▸ EXERCISE MATERIAL:
• • • • • • •
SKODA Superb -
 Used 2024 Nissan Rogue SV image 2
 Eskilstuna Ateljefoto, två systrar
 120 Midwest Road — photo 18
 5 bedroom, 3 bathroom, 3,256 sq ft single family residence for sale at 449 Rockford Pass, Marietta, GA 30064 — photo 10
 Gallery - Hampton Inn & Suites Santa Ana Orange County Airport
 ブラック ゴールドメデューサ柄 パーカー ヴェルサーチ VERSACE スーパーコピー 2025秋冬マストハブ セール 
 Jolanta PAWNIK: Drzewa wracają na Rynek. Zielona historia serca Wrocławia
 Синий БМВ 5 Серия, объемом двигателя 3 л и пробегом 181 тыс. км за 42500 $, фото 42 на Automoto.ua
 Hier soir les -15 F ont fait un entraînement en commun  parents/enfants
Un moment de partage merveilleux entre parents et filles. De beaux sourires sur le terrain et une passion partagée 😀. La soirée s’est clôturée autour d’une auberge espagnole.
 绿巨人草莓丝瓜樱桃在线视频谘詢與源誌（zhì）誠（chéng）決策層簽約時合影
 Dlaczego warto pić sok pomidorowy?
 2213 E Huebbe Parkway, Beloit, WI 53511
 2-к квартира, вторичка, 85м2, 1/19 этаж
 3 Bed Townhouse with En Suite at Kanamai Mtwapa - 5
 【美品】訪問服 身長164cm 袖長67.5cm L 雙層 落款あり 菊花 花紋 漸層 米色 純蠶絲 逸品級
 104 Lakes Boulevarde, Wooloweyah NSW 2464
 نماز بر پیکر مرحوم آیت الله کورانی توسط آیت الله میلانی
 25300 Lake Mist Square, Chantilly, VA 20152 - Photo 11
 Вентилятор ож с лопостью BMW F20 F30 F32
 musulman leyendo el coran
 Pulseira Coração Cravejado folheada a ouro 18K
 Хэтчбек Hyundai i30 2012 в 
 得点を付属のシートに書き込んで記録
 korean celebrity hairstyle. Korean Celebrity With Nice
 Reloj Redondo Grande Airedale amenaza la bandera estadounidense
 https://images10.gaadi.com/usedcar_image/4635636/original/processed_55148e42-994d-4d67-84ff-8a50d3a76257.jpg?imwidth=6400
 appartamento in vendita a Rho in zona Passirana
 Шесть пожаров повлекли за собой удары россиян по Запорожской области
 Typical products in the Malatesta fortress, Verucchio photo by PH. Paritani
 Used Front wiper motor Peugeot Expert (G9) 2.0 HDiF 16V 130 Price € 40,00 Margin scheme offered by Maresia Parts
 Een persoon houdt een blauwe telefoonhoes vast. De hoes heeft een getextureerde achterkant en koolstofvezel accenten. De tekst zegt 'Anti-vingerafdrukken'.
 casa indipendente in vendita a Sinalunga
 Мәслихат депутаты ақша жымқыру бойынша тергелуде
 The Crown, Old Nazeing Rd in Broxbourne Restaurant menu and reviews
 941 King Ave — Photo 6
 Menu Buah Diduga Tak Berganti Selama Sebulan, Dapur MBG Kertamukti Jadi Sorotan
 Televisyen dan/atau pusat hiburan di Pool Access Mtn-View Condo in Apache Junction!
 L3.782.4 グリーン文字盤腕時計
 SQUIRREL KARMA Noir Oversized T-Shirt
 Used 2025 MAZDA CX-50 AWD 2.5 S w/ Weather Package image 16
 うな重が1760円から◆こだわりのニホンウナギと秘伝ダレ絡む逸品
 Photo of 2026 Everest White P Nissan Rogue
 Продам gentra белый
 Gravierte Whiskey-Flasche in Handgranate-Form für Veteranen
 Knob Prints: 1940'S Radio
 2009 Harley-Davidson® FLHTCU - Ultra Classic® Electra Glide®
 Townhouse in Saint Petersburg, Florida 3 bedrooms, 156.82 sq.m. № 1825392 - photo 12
• • • • • • •
Word for word, set down every line of the material above.

▸ EXERCISE SOLUTION:
SKODA Superb -
 Used 2024 Nissan Rogue SV image 2
 Eskilstuna Ateljefoto, två systrar
 120 Midwest Road — photo 18
 5 bedroom, 3 bathroom, 3,256 sq ft single family residence for sale at 449 Rockford Pass, Marietta, GA 30064 — photo 10
 Gallery - Hampton Inn & Suites Santa Ana Orange County Airport
 ブラック ゴールドメデューサ柄 パーカー ヴェルサーチ VERSACE スーパーコピー 2025秋冬マストハブ セール 
 Jolanta PAWNIK: Drzewa wracają na Rynek. Zielona historia serca Wrocławia
 Синий БМВ 5 Серия, объемом двигателя 3 л и пробегом 181 тыс. км за 42500 $, фото 42 на Automoto.ua
 Hier soir les -15 F ont fait un entraînement en commun  parents/enfants
Un moment de partage merveilleux entre parents et filles. De beaux sourires sur le terrain et une passion partagée 😀. La soirée s’est clôturée autour d’une auberge espagnole.
 绿巨人草莓丝瓜樱桃在线视频谘詢與源誌（zhì）誠（chéng）決策層簽約時合影
 Dlaczego warto pić sok pomidorowy?
 2213 E Huebbe Parkway, Beloit, WI 53511
 2-к квартира, вторичка, 85м2, 1/19 этаж
 3 Bed Townhouse with En Suite at Kanamai Mtwapa - 5
 【美品】訪問服 身長164cm 袖長67.5cm L 雙層 落款あり 菊花 花紋 漸層 米色 純蠶絲 逸品級
 104 Lakes Boulevarde, Wooloweyah NSW 2464
 نماز بر پیکر مرحوم آیت الله کورانی توسط آیت الله میلانی
 25300 Lake Mist Square, Chantilly, VA 20152 - Photo 11
 Вентилятор ож с лопостью BMW F20 F30 F32
 musulman leyendo el coran
 Pulseira Coração Cravejado folheada a ouro 18K
 Хэтчбек Hyundai i30 2012 в 
 得点を付属のシートに書き込んで記録
 korean celebrity hairstyle. Korean Celebrity With Nice
 Reloj Redondo Grande Airedale amenaza la bandera estadounidense
 https://images10.gaadi.com/usedcar_image/4635636/original/processed_55148e42-994d-4d67-84ff-8a50d3a76257.jpg?imwidth=6400
 appartamento in vendita a Rho in zona Passirana
 Шесть пожаров повлекли за собой удары россиян по Запорожской области
 Typical products in the Malatesta fortress, Verucchio photo by PH. Paritani
 Used Front wiper motor Peugeot Expert (G9) 2.0 HDiF 16V 130 Price € 40,00 Margin scheme offered by Maresia Parts
 Een persoon houdt een blauwe telefoonhoes vast. De hoes heeft een getextureerde achterkant en koolstofvezel accenten. De tekst zegt 'Anti-vingerafdrukken'.
 casa indipendente in vendita a Sinalunga
 Мәслихат депутаты ақша жымқыру бойынша тергелуде
 The Crown, Old Nazeing Rd in Broxbourne Restaurant menu and reviews
 941 King Ave — Photo 6
 Menu Buah Diduga Tak Berganti Selama Sebulan, Dapur MBG Kertamukti Jadi Sorotan
 Televisyen dan/atau pusat hiburan di Pool Access Mtn-View Condo in Apache Junction!
 L3.782.4 グリーン文字盤腕時計
 SQUIRREL KARMA Noir Oversized T-Shirt
 Used 2025 MAZDA CX-50 AWD 2.5 S w/ Weather Package image 16
 うな重が1760円から◆こだわりのニホンウナギと秘伝ダレ絡む逸品
 Photo of 2026 Everest White P Nissan Rogue
 Продам gentra белый
 Gravierte Whiskey-Flasche in Handgranate-Form für Veteranen
 Knob Prints: 1940'S Radio
 2009 Harley-Davidson® FLHTCU - Ultra Classic® Electra Glide®
 Townhouse in Saint Petersburg, Florida 3 bedrooms, 156.82 sq.m. № 1825392 - photo 12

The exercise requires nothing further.